Endangered raptor turned over to DENR


A CRITICALLY endangered Philippine Eagle (Pithecophaga jefferyi) was recently turned over to the care of the Department of Environment and Natural Resources (DENR) here, after it was rescued by an upland farmer in a forest area in San Luis town in Aurora, according to environment authorities.

Joey Blanco, the DENR provincial chief in Aurora, said that the juvenile raptor was found by a certain upland farmer named Eugene Nace last June 1, 2016 in a trap locally known as a “silo”, which is a type of snare used to catch monkeys.

“The eagle was found inside the forests of Aurora Memorial National Park (AMNP) known for its rich biodiversity. One of the eagle’s claws was trapped in the “silo” but the wildlife sustained no serious injuries in the ordeal”, he said.

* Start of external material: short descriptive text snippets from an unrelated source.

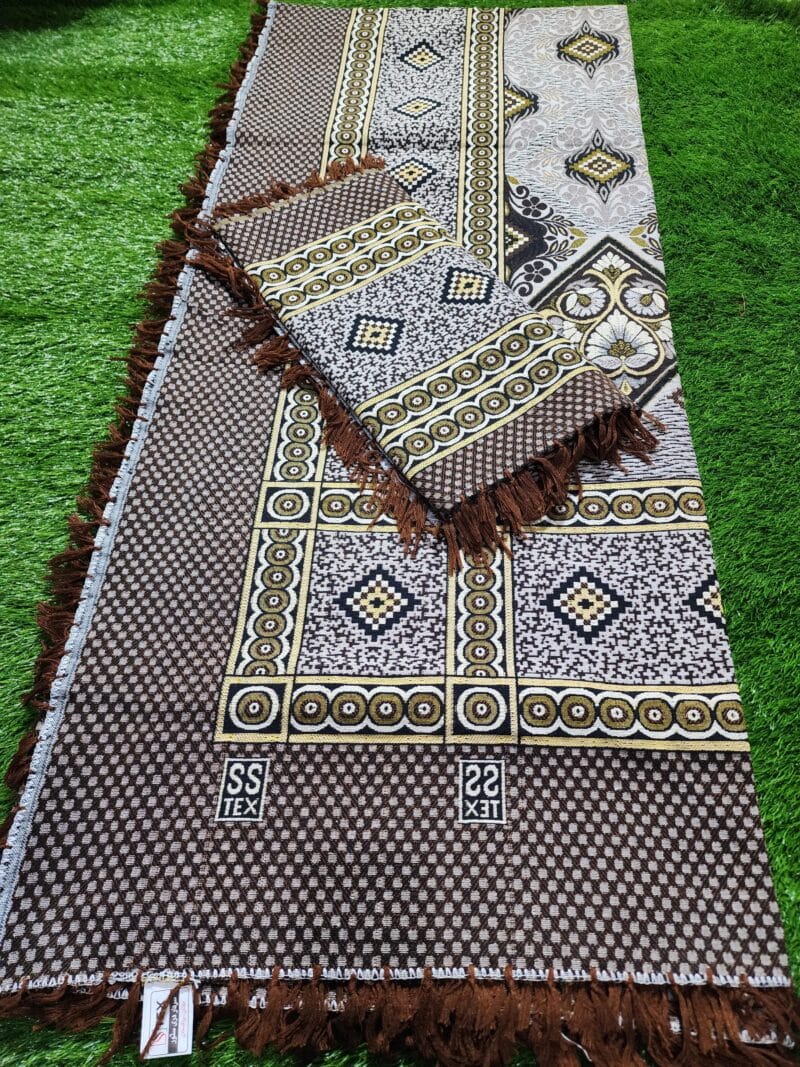 Multani Gultex Bed Sheet King Size 3Pcs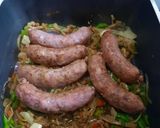 Foto del paso 4 de la receta: Chorizos con pickles a la cacerola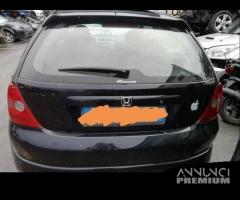 Honda Civic Anno 2003 1.7 Diesel Per Ricambi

According to biodiversity experts, sightings of Philippine Eagle were once reported in the Sierra Madre mountain part of Aurora and the capture of one confirms the existence of the rare bird in the region.

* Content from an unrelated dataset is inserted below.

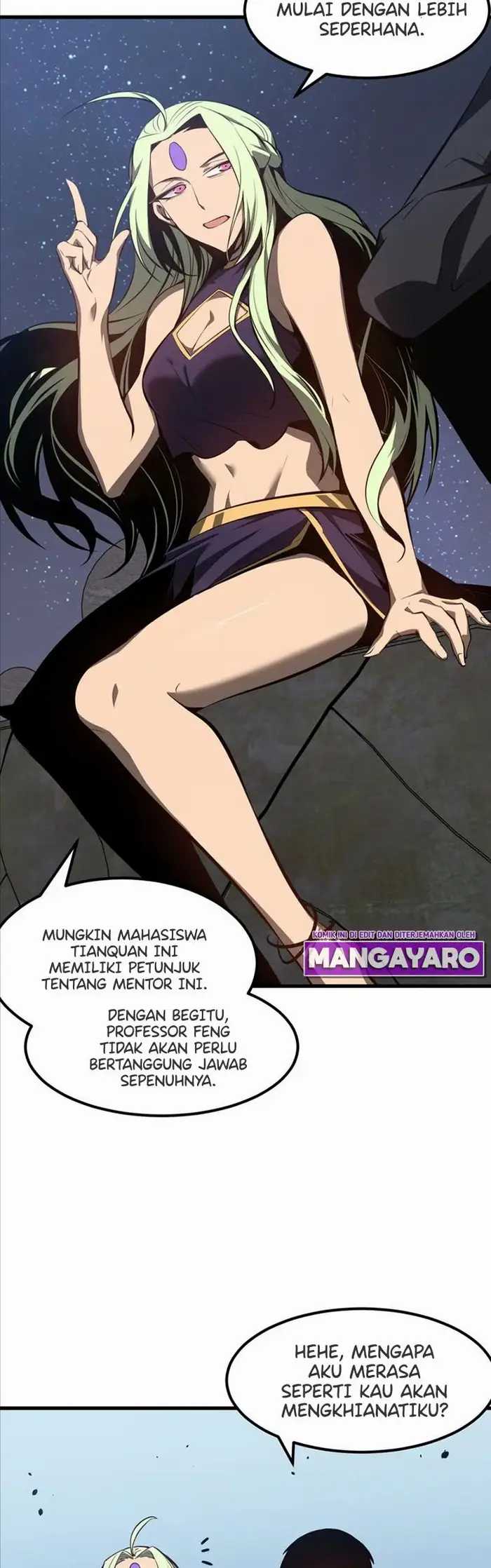 Advanced Evolution Chapter 66 Image 14
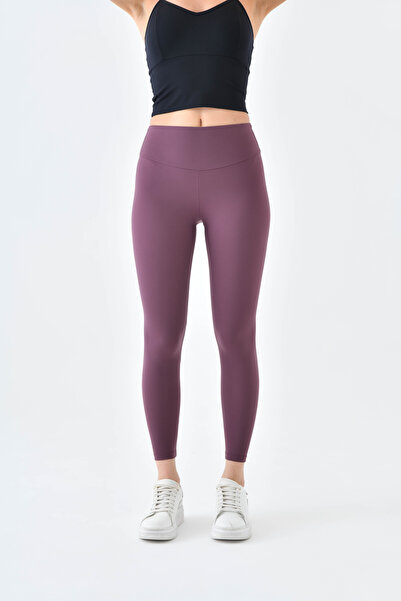 erçestil Black Sports Leggings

“The Philippine eagle is endemic to the country and it is known to live in areas of Eastern Luzon, Samar and Leyte, while Mindanao supports the bulk of the population”, explained Fred Sadueste, chief of the wildlife enforcement division.

He said that the intensified Information, Education and Communications (IEC) campaign of the DENR has led to an increased awareness of people of the value of wildlife and the proper course of action when finding or capturing such, which is to call the attention of the concerned agency.

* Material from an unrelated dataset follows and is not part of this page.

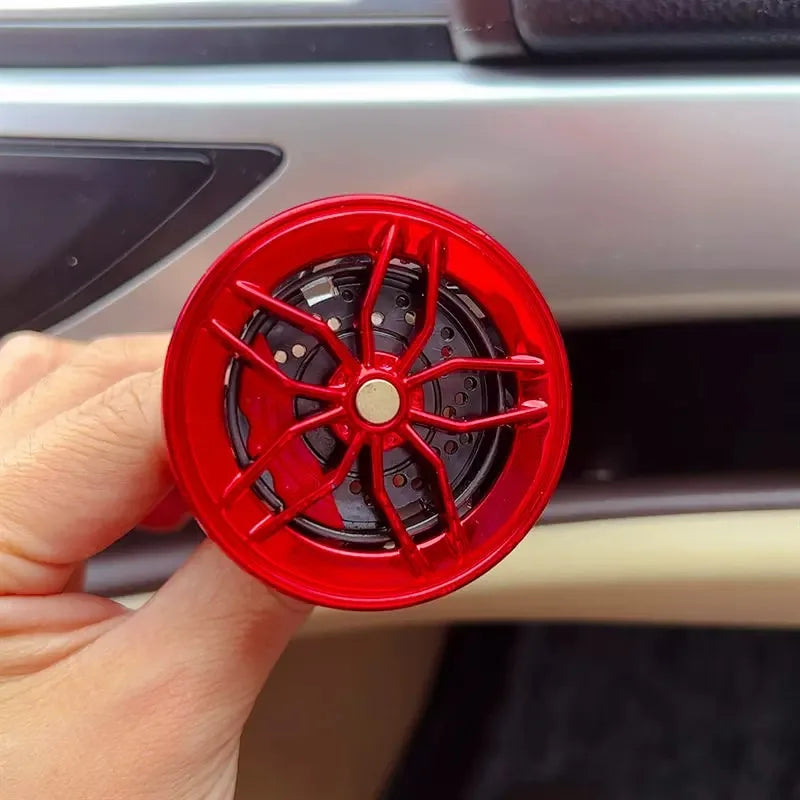 Rotating Magnetic Car Aroma Diffuser – Gyroscope Style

“We are planning to train more wildlife enforcement officers and deputize more locals to ensure the protection of wildlife in the Sierra Madre mountain range and in the rest of Central Luzon”, he said.

Francisco Milla, Jr. regional director of DENR in Central Luzon said the rescue of the Philippine eagle is very timely since this month the DENR and the whole country is celebrating the Philippine Environment Month while last June 5 of this year the whole world celebrated the World Environment Day.

This year’s environment month theme “Go Wild for Life, Combat Biodiversity Loss”, underscores the zero tolerance of illegal wildlife trade and the importance of protecting and conserving biodiversity, he added.

“We must conserve and protect our wildlife, especially the Philippine eagle, which is our very own pride. Their population is now dwindling and they are placed at the “critically endangered” status, meaning their kind is nearing extinction” he explained.

The killing of a Philippine Eagle entails a punishment of imprisonment of a minimum of six (6) years and one (1) day to twelve (12) years and/or a fine of one hundred thousand pesos (P100,000.00) to one million pesos (P1,000,000.00) as stipulated in Republic Act 9147 or the Wildlife Protection and Conservation law.

According to research, the Philippine Eagle has a total population size of 90-250 pairs or 180-500 mature individuals in captive breeding. The species thrive in primary dipterocarp forest in steep terrain and sometimes in secondary growth forest from lowlands to at least 1,800 meters above sea level.

Research studies also show that in Mindanao the Philippine eagle prey on flying lemurs (Cynocephalus volans), which are absent in Luzon, where the bird was found to prey on two endemic species of cloud rats, monkeys, monitor lizards, birds, palm civets bats and snakes.

The Philippine Eagle was declared by former President Fidel V. Ramos as the national bird of the Philippines on July 4, 1995.The DENR also celebrates the Philippine Eagle Week from June 4 to 10 every year under the Presidential Proclamation No. 79 signed on 1999.

“It is a very good sign for our biodiversity that more of our people are showing concern for wildlife and immediately report sightings of such to our offices. We urged the public to be vigilant in wildlife conservation and in the protection of the remaining forest in the region since Philippine eagle is the symbol of our country and acts as a barometer of the health of our environment”, said Milla.

The rescued raptor is now under the custody of the DENR’s Biodiversity Management Bureau (BMB) where it will be cared for until it is fit to be released back into the wild.

It may be recalled that two months ago, the DENR regional office, with the help of the National Bureau of Investigation (NBI), confiscated seven (7) species of Palawan pangolins and spitting cobras from an alleged Chinese smuggler in Clarkfield, Pampamga.

A total of 58 wild birds and animals of various species have been rescued and confiscated by DENR Region 3 since 2011. The DENR has intensified its wildlife monitoring work in a bid to save and protect the remaining wildlife resources as well as arrest the decreasing number of endangered animals.